- [TASK]: Taking the entries below, transcribe only the lines starting with the one with "Women discussing testosterone" and going on through the one with "すず様専用です　　新品♥　アルベロベロ　ポーチ 　2点セットのサムネイル", exactly as written, without the pictures.

- [DATA FOR THIS TASK]:
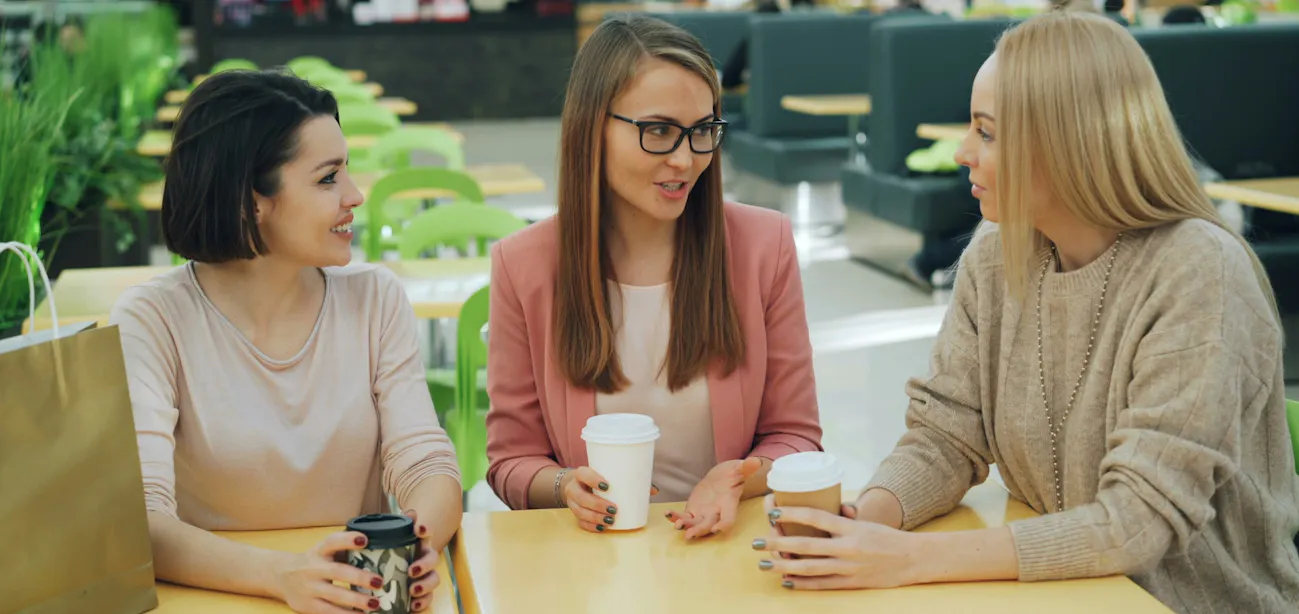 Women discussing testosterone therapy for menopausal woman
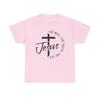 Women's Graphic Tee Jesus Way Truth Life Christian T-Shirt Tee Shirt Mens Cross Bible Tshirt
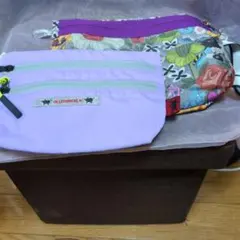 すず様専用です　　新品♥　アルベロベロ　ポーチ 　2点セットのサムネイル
---
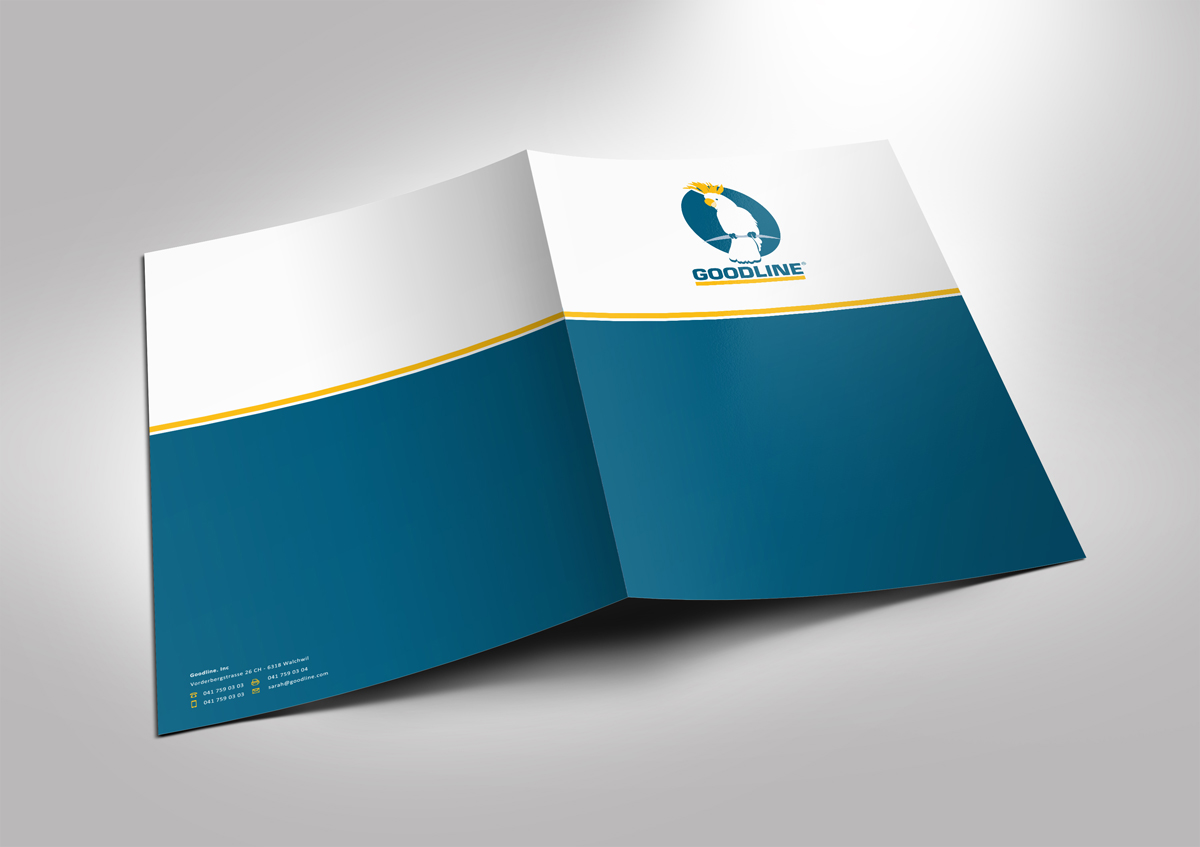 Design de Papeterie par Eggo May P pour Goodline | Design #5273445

- [SOLUTION TO THIS EXERCISE]:
 Women discussing testosterone therapy for menopausal woman
 Women's Graphic Tee Jesus Way Truth Life Christian T-Shirt Tee Shirt Mens Cross Bible Tshirt
 すず様専用です　　新品♥　アルベロベロ　ポーチ 　2点セットのサムネイル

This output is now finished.